In the 70s, the only way you could hear new music was through the radio or by heading to a record store and sampling the latest sounds. Record shops like Record Bar and Tower Records became sweet hangout spots for teens and 20-somethings to veg out and toss music recommendations back and forth.
If you were an audiophile in the 70s, then you spent every last penny you made on the newest 45 RPMs. Record shops might not have been the most frenzied or energetic places to hang, but they were perfect for like-minded folks to find their people.
Roller skating has never been as cool as it was in the 1970s. With micro satin shorts, knee-high banded socks, and teeny halter tops, teens roller discoed their way across the slick hardwood. If you weren’t spending your late nights catching the latest slasher flick or working a part-time job, you were probably showing off your twirls under the disco lights.
Roller discoing in the 1970s was like swing dancing for their parent’s generation. It was fun and flirty and housed a ton of kids under one roof.
Most people know the YMCA for the Village People’s legendary dance track “Y.M.C.A.” and not the actual recreation center that it is. Back in the 70s, the YMCA was a hopping summertime spot. From kids escaping the blistering heat at the large pools to teens roughhousing with rec games of softball, baseball, soccer, and more, the whole neighborhood flocked to the YMCA.

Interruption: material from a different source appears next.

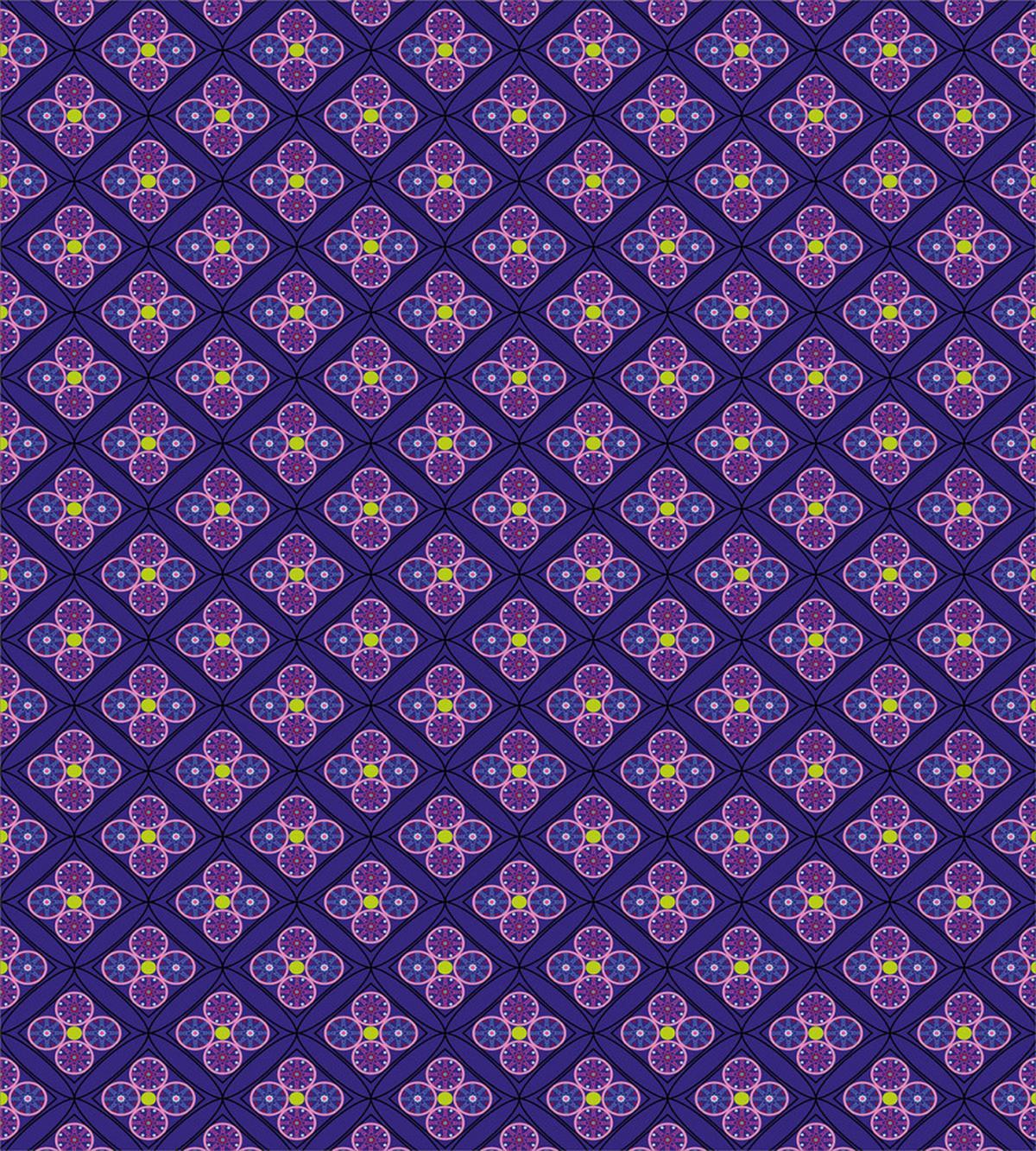 Rhombus with Circle — Pattern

Given the tumultuous economic time that was the 70s, you couldn’t pass up on a free place with lots of stuff to do and the YMCA was many folks’ answer.
You can’t talk about 1970s hangout spots without mentioning head shops. Today, they’ve been repackaged as smoke shops but these mother’s medicine-oriented stores were all about extending that counterculture style well past its heyday.

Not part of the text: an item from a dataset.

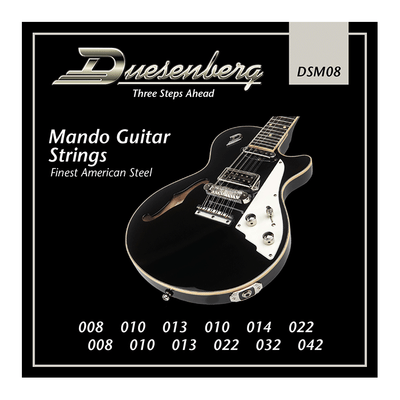 Duesenberg Nickel Wound Mando 12-String Strings 8-42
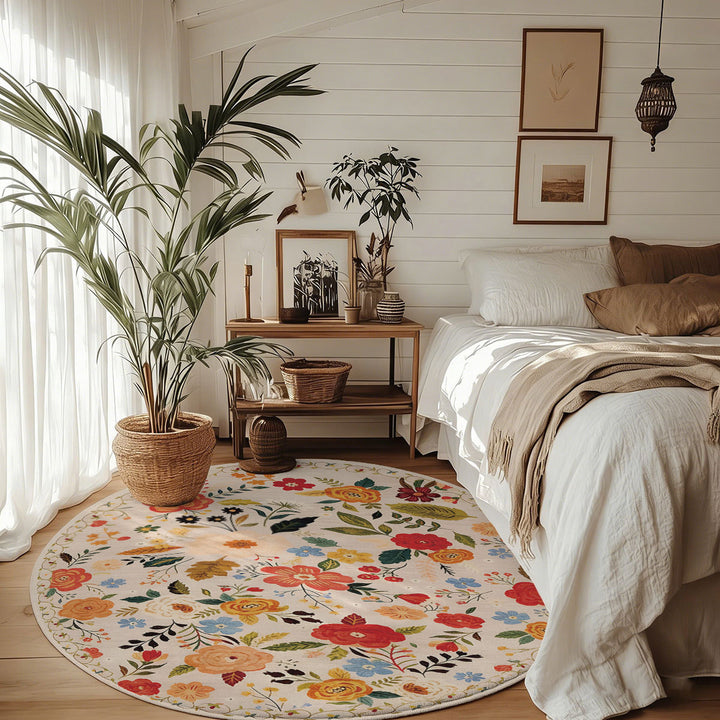 Floral Pattern Area Rug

Make friends with the burnout at the counter and you’d have an everyday haven to waste hours at. Pull up a bean bag, and browse through the magazines, home goods, and plant medicines at your disposal.
Unfortunately, the malls we once knew and loved are mostly dead. But in the 1970s, they were a thriving hotspot for every social group under the sun. Career women could gab while browsing for new button-downs and pantyhose, kids could splash around at the edge of the water fountains, and teens could hog the few food court seats available.

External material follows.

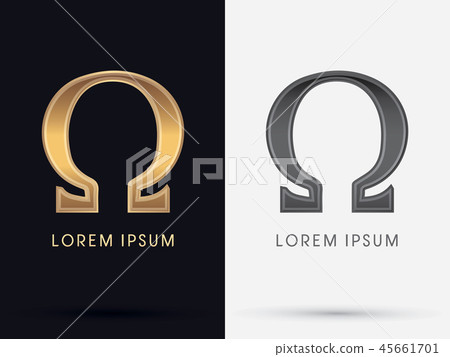 Omega sign graphic vector. - Stock Illustration [45661701] - PIXTA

Malls were a microcosm of American capitalism, so of course people couldn’t get enough of the pseudo-society within its many walls.
By the end of the 70s, arcades were a massively popular place to hang out. Atari — the first popular at-home video game console — wasn’t released until 1977 and it still took a few years for everyone to afford one. This meant that you couldn’t get your pinball wizard kicks in unless you went to the arcade.
Kids and teens of all ages could spend hours tossing their pocket change at Space Invaders or Galaga. There was no greater insult at the local arcade than blasting through someone’s high score, especially if you didn’t like them much.
Love it or hate it, the 1970s was a delightful disco era. Discotheques popped up in cities all around the world where they pumped out ear-splitting dance tracks that everyone (literally) danced the night away to. You knew you were a different breed of people if you didn’t want to claw your eyes out after ten minutes under those strobe lights.
Sure, you might not know anyone’s name at the end of the night, but you’d be willing to hold their hair while they puked in the toilet. Discotheques like Studio 54 brought levity and camaraderie to the club scene, and it might be why we still long to dance under disco balls today.
There aren’t a ton of positive angles to growing up in the 1970s when you’ve got murder, economic crisis, widespread emotional burnout, and fruitless wars topping the list. But we’d trade coming to grips with the nation’s loss of innocence if it meant we could bring back these incredible hangout spots.